Ce qui donne toujours des dialogues un peu surréalistes.
- Bonjour, ça va bien?
- Bonnejouuuuuu.....
- Pas chaud ce soir.
- Hi! hi! hi!
- Ils annoncent encore de la neige.
- Hi! hi! hi!
- Je vais prendre un paquet de cigarettes.
- (en me refilant le paquet de clopes) Voilàààààààà.....

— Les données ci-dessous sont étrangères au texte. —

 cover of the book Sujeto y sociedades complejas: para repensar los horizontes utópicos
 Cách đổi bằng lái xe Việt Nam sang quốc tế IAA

- (lui refilant l'argent) Tenez.
- Metsiiiii......
- Allez, au revoir.
- Au Rgevoiiiiiiii......
C'est un tout petit commerce encombré de produits et où il est très difficile de se déplacer. Dès qu'il y a plus de trois clients, on a l'impression d'être coincé dans un wagon de métro à l'heure de pointe. Du soir au matin, sept jours par semaine, il est là. Parfois, quand il doit s'occuper d'une livraison, sa fille lui donne un coup de main et il est facile de voir à ses traits éteints du visage qu'elle se fait royalement chier d'être obligée de passer de longues heures de son adolescence scotchée derrière la caisse de ce petit commerce mal éclairé. Pour passer le temps, elle lit des romans photos en noir et blanc qu'elle dépose sur le comptoir, à côté du présentoir à cigarillos parfumés. Elle reste toujours impassible au mouvement des clients et elle ne s'active que lorsque ceux-ci s'amènent pour payer. Elle délaisse alors quelques secondes son imprimé, pianote machinalement le prix sur les touches du clavier de sa caisse-enregistreuse, prend l'argent du client, lui redonne sa monnaie, emballe dans un sac de plastique blanc le produit et retourne aussitôt à sa lecture sans même prendre la peine de vous jeter un regard. Ce n'est pas de l'impolitesse, c'est juste de l'indifférence bien compréhensible de la part d'une gamine d'environ 16 ans qui aimerait bien passer ses samedis après-midi ailleurs que dans ce commerce un peu triste.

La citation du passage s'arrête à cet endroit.